ビッグX
1964年(昭和39年)
ドラマ傑作選
第二次大戦中、ヒトラーの命により、朝雲博士は「ビッグX計画」を推進していた。
ヒトラーは、兵士をビッグXで巨人化させ、連合国を撃滅しようと目論んでいたのだ。
ビッグX計画の軍事利用を恐れた朝雲博士は、息子・しげるに、その秘密を託し絶命する。
そして20年後、ビッグXの秘密を探るべく、秘密結社「ナチス同盟」は遂にその毒牙を剥く。
彼らは、ビッグXの製法を知るしげるをつけ狙い、その命を奪ってしまう。
しげるの息子・昭は、ナチス同盟を叩き潰し、父の敵を討つべく、ビッグXの力で戦いを挑む。
1963年から1966年まで集英社「少年ブック」に連載された手塚治虫の同名漫画のTVアニメ化。
「マグマ大使 1965年」と同じ巨大ロボットものの系譜に属する作品だが、主人公ビッグXは
特殊な薬品「ビッグX」により巨大化した人間である。
ビッグXを注入された生物は、宇宙空間や水中でも活動が可能になるため、朝雲しげるは
父親の残したこの薬品を、宇宙探索用に平和利用しようと考えていた。
だが彼は、再び現われたナチス同盟により殺されてしまう。
しげるの息子・昭は、父の友人・花丸博士より「ビッグX」の入ったペン形の注射器と
特殊なゴムの服を渡され、超人としてナチス同盟と戦うことを決心する。
なお、原作では主人公・朝雲昭は「ビッグX」をペン形の注射器で自ら打って変身するが、
アニメ版では、ペン型の機械装置から出る光線状のエネルギーを、昭が胸に当てることで変身する。
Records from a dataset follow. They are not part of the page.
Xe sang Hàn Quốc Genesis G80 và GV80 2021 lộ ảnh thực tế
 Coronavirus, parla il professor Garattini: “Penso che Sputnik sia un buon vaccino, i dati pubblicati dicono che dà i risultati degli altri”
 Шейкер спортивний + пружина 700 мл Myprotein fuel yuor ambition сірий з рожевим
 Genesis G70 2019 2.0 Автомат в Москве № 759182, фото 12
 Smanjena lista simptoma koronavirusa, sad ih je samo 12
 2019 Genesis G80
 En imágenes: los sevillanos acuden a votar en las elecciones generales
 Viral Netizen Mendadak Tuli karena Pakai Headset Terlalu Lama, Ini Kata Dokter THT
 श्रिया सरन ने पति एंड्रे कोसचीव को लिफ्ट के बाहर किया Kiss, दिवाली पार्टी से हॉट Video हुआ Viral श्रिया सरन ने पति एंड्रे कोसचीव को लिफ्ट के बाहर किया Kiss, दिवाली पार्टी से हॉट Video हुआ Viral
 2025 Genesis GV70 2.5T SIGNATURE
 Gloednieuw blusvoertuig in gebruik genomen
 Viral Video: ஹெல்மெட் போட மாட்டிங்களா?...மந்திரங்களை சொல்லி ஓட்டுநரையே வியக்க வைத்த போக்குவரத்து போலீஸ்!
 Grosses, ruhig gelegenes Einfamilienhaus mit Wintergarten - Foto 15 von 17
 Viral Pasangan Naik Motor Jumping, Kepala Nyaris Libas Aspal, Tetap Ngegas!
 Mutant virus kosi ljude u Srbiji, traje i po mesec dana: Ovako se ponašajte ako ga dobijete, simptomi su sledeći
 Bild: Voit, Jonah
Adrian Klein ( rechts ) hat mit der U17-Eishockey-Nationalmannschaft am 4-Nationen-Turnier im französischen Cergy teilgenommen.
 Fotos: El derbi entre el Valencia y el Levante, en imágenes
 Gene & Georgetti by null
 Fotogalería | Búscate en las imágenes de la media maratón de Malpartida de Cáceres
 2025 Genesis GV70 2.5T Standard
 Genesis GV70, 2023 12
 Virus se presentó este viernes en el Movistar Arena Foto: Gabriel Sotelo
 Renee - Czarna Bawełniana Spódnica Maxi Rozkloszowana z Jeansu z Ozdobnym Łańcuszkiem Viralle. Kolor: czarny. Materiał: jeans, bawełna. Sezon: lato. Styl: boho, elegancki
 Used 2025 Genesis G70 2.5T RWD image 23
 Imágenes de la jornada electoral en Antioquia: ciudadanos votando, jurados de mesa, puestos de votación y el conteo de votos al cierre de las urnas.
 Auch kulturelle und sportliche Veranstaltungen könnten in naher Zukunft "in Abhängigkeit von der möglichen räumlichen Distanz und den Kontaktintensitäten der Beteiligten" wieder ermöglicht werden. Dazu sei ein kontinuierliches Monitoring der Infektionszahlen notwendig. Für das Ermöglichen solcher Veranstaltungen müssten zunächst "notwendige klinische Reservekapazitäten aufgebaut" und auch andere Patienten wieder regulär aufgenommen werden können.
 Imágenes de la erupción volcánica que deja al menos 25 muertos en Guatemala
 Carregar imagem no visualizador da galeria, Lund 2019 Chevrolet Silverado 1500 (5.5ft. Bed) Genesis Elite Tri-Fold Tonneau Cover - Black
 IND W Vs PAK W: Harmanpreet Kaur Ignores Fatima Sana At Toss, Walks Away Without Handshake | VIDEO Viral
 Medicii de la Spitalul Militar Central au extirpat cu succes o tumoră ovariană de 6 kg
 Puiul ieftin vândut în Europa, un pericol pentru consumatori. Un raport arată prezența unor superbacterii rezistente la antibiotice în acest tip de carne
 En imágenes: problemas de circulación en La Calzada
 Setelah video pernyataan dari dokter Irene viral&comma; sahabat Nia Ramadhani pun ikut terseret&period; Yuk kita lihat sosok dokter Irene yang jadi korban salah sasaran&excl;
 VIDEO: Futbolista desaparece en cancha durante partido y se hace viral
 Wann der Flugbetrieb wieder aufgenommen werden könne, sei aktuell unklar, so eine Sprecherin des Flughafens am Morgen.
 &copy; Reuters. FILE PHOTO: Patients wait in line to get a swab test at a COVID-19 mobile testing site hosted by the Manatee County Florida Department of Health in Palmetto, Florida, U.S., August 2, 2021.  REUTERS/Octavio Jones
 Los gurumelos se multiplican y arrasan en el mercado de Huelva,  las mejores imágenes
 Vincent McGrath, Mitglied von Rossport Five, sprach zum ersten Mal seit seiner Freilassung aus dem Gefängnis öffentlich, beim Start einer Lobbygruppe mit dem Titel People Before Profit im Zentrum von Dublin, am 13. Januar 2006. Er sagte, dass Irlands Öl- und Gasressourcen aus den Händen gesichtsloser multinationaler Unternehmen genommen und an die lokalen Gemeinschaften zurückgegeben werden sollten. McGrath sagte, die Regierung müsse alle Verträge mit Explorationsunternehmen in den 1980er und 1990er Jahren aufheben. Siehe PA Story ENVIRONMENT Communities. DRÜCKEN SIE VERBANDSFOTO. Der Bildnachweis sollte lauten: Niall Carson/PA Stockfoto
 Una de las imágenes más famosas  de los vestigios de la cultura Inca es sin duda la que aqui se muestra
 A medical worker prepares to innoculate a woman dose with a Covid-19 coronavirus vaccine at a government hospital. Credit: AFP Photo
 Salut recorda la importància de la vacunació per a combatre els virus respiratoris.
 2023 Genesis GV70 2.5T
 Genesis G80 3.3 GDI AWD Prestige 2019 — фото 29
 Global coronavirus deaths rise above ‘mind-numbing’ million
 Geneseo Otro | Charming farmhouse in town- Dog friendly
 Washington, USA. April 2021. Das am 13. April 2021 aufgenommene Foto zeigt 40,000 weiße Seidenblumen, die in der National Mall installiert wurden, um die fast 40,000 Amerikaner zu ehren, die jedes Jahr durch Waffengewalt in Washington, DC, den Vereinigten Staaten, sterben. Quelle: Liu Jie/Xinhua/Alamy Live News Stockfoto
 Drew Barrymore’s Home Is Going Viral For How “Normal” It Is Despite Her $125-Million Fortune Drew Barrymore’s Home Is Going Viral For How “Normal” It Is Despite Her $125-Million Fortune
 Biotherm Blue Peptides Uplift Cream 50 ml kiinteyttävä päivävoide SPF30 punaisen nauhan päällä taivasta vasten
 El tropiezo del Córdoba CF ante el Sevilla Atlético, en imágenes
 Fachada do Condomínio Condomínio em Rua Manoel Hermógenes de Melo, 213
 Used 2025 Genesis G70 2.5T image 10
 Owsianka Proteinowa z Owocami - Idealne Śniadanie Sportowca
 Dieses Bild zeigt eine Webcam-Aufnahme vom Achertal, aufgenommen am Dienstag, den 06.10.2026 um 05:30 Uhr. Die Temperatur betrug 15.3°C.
この設定変更は、スポンサーである「花王石鹸」の意向によるものである。
また、本作の特徴として、悪役としてのナチスが強調されている。
「反戦」「反ナチズム」は、手塚漫画のテーマの一つであり、本作でも正義の味方が悪の手先を
やっつけるという勧善懲悪のいたって分かりやすいストーリーとなっている。
主人公の朝雲昭がビッグXとなり、ナチス同盟の開発したV3号というロボットや戦車を
ぶち壊すところを、当時の子供たちはわくわくしながら見ていたのである。
(制作)TBS、東京ムービー(原作)手塚治虫(脚本)角田次郎
(主題歌)上高田少年合唱団「ビッグX」(作詞:谷川俊太郎、作曲:冨田勲)
(配役)朝雲昭(太田淑子)ビッグX(島田彰)朝雲しげる(仲野宏)昭の母(渡辺知子)花丸博士(永井一郎)
ニーナ(白石冬美)ハンス・エンゲル(山本圭)イリーナ・エンゲル(向井真理子)
ビッグX
たまなんか はねかえせ ジェット機だって 手づかみだ
鉄のからだが モリモリのびる 立ちあがれ ビッグX
軍艦なんか ふんづけろ 戦車だって 手づかみだ
鉄のからだが 正義を守る 立ち上がれ ビッグX
がんばれ がんばれ がんばれ ビッグX
ボクの名はアキラ、ビッグXとは、人間を大きくする機械である。
ボクは正義のためにビッグXで戦うのだ。